This process gives rise to either short-lived IgM-producing plasma cells or long-lived plasma cells that produce IgG, for example.

Long-lived plasma cells require contact with so-called "survival niches" formed by stromal cells and other cellular and soluble components in the bone marrow in order to survive. To understand plasma cell maturation, a detailed analysis of the differentiation steps from early plasma cell precursors, the so-called plasmablasts, to mature plasma cells is essential.

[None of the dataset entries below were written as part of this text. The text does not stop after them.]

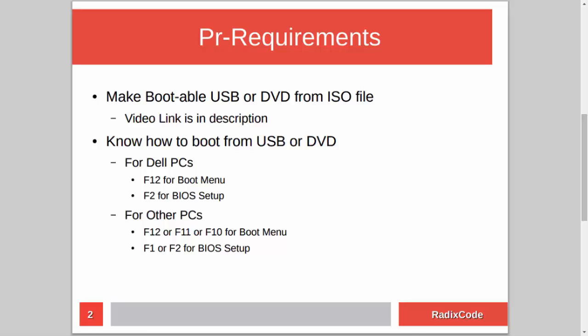After making a bootable USB, you should know how to boot your computer from a USB stick. For Dell laptops, press F12 to go to the boot menu and select the USB drive. You can also go to BIOS setup by pressing F2 and in the boot section change the boot order to boot from USB. On other computers, press Escape, F12, F11, or maybe F8. For BIOS setup you can press either F1 or F2.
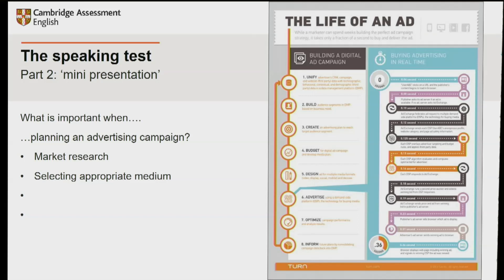Something else you can do is create a mind map. Here's a complex example all about the life of an advertisement — you can do a much simpler one with pen and paper before you start to speak. This gives you an example of the kind of things you can find on the internet showing details about a particular topic, and it can help you to structure your answers.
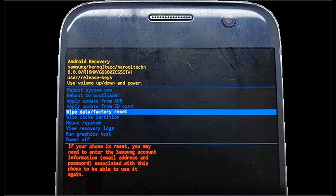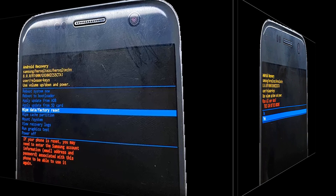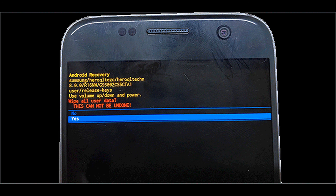Step 1: While the phone is in the Android recovery screen, highlight 'Wipe data / factory reset' using the volume up and down buttons, and select this option using the power button. Step 2: On the next page, select 'Yes' using the volume button and power button, and your phone will be reset to its factory settings immediately. Step 3: After that, select 'Reboot system now' to restart the phone. This time, it should get rid of the recovery mode and reboot properly.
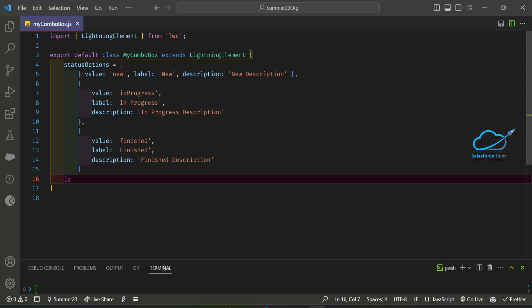Once you save it, our options are done. Please keep in mind that before Summer 23 you cannot see this attribute called 'description'. In this release you can see the description attribute, and based on it users can easily understand what is New, what is In Progress, and what is Finish based on your values.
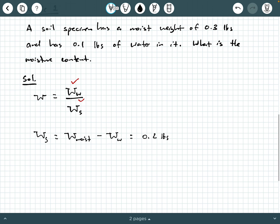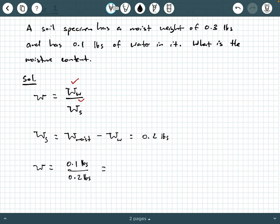So finally, moisture content is 0.1 pounds divided by 0.2 pounds, which equals 0.5 or 50% expressed as a percentage. That concludes this particular example of moisture content.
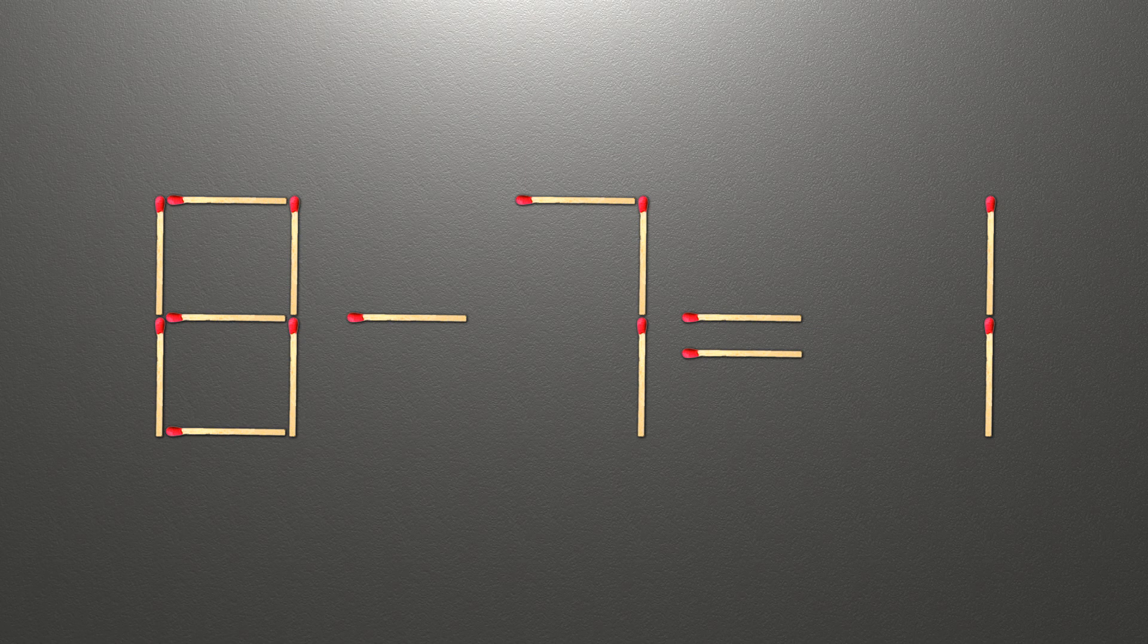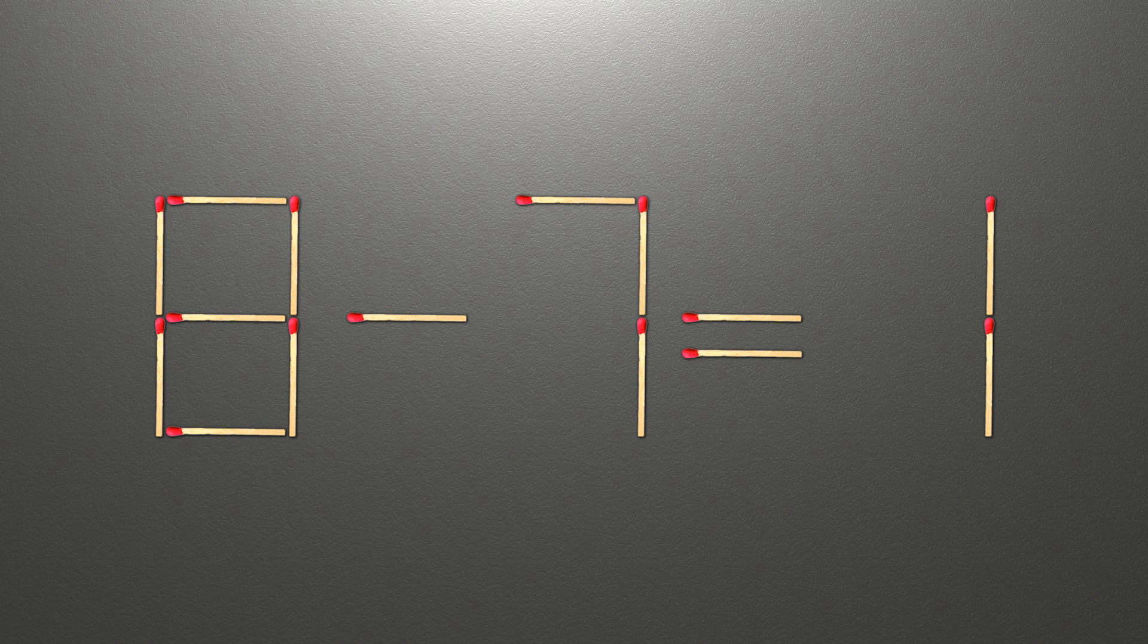Now, when we check the condition, eight minus seven is one, and one equals one. Now our equality is correct.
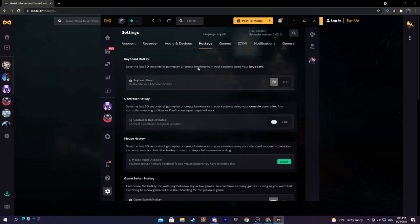And finally hotkeys. You can't clip if you don't have a hotkey. So mine I have it on F8. So whenever I want to clip something and I'm playing a game, I just press F8 and it clips the last one minute or whatever time you selected.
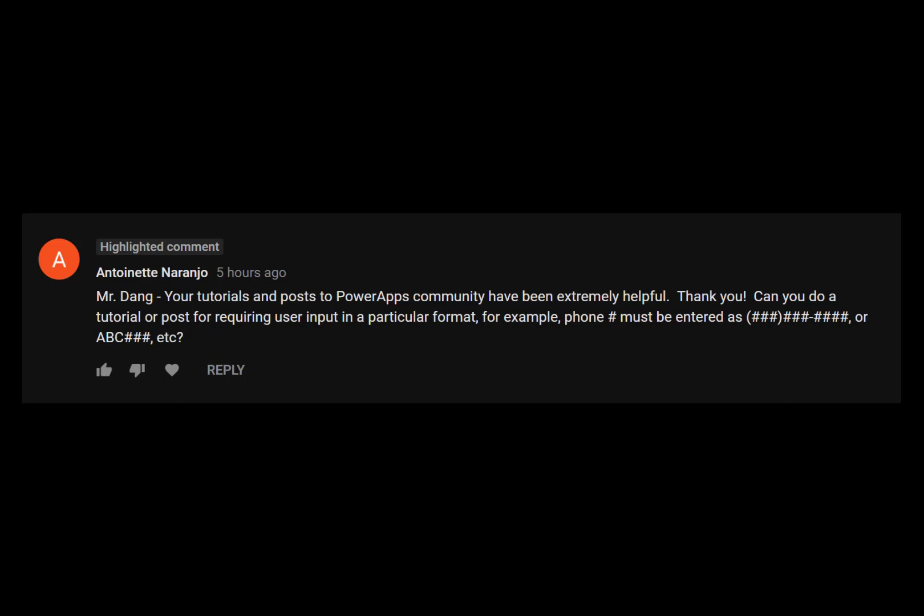Today I received a good question from Antoinette Naranjo. This person was asking about how to validate a phone number so that it fits a particular format, whether it's parentheses, hyphens, or with letters. In this tutorial, I'll be showing you how I would go about this problem. This is Mr. Dang.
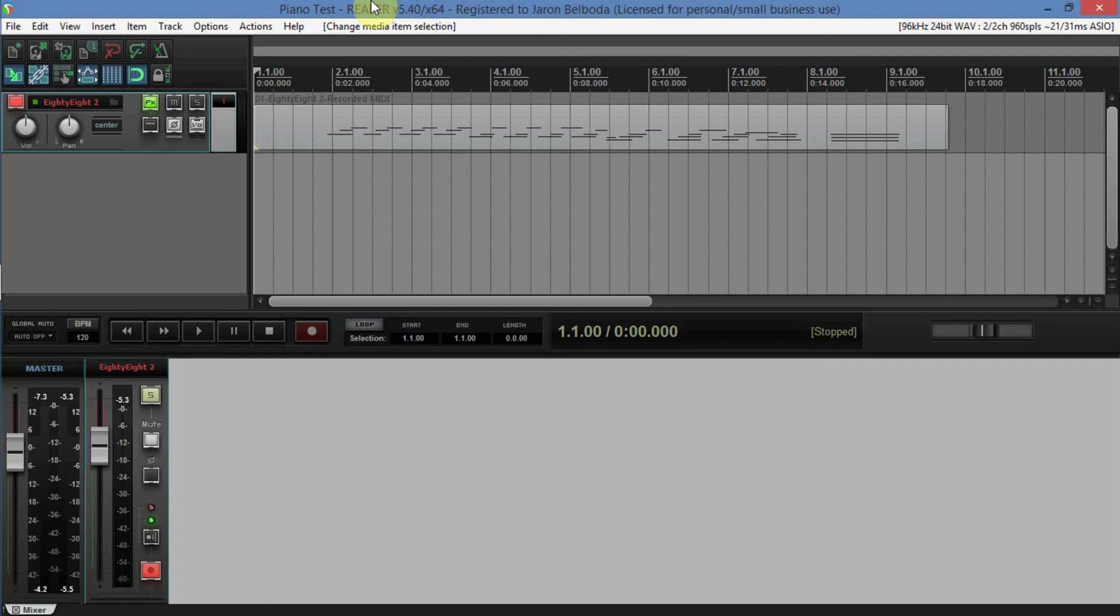But if I do find a way, I'll also share that. So that's just been setting up transport controls inside of Reaper. Thank you once again for watching. Catch you later, guys.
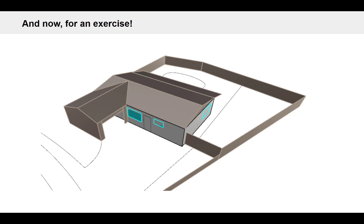Hello everyone, welcome back to our series on energy modeling fundamentals with Honeybee. In this video we're going to get our hands dirty and actually start creating an energy model of this single family home. We're going to understand the basic structure of energy models.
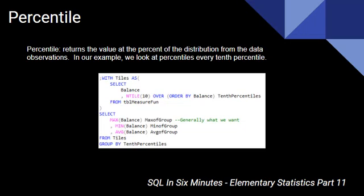In percentile, we're going to be looking at returning the value at the percent of the distribution from the data observations. In our example, we're going to look at percentiles of every 10th percent, but it could be every second percent, every third percent, etc.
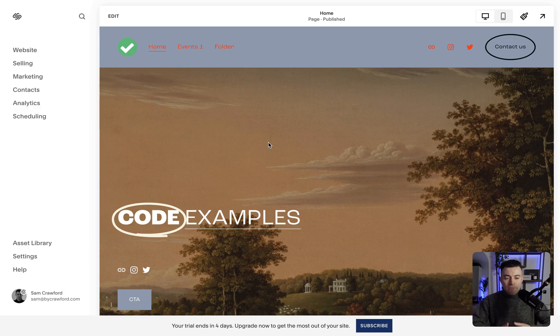This one should be nice and quick, and by the end of it, you should know how to upload a file on Squarespace. So let's hop in and upload our files.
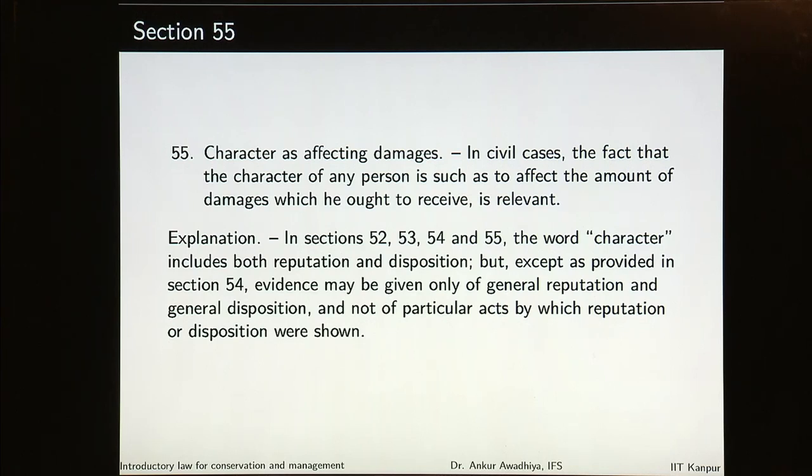So basically the Indian Evidence Act is trying to give us, through several illustrations, what are the facts in issue, what is relevant, what is not relevant to a case, what can be proved, what is not to be proved, what is presumed to be correct or not, and so on. We will look at it in more detail later on. That is all for today. Thank you for your attention. Jai Hind.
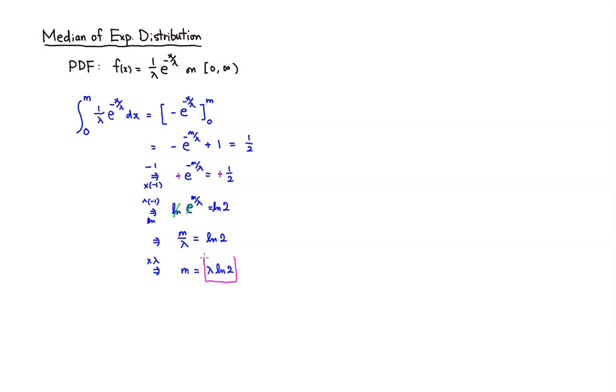Lambda times natural log of 2 is median of exponential distribution. That's it, I hope that this was clear.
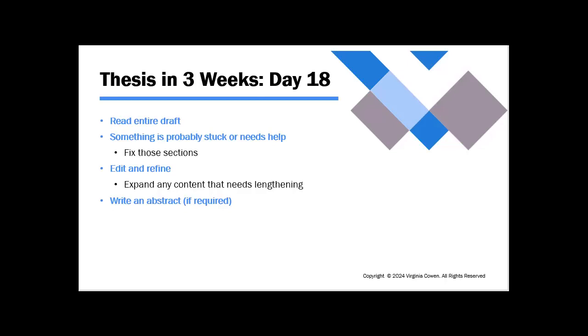So fix those sections. A good way to do it is actually just to highlight it or use comments. Come back to this, come back to that, however you want to do that for yourself. But read through the entire draft. And when something's stuck, flag it, keep going, and then go back and fix those sections.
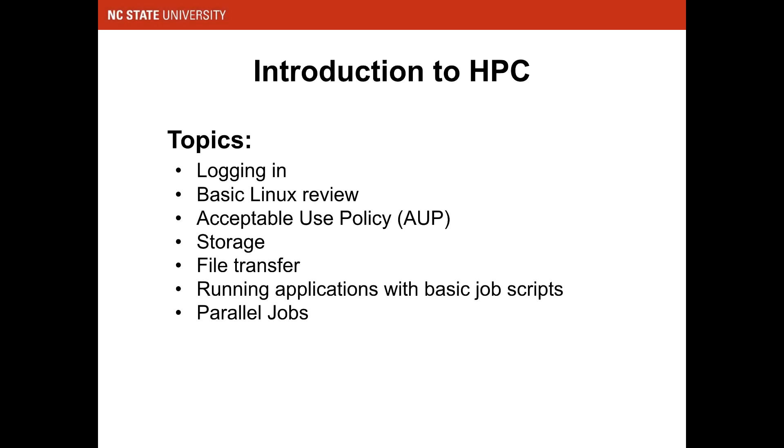Welcome to part 3 of our introduction to basic HPC. We're already very comfortable with basic Linux, we understand the acceptable use policy, and we've logged into the cluster. Additionally, we've learned about storage options on Henry II and how to transfer files back and forth from Henry II to our local machines.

Antibody-producing plasma cells arise from B cells after contact with antigen. In contrast to plasma cells, B cells carry membrane-anchored "antibodies", B cell receptors (BZR). After binding of an antigen to its specific receptor (BZR), the activated B cell undergoes a complex restructuring during its differentiation into an antibody-secreting plasma cell. This leads to a significant enlargement of the B cell. Its endoplasmic reticulum (ER) expands and becomes a production site for the generation and secretion of antibodies. The conversion of a B cell into a plasma cell is controlled by a complex network of transcription factors.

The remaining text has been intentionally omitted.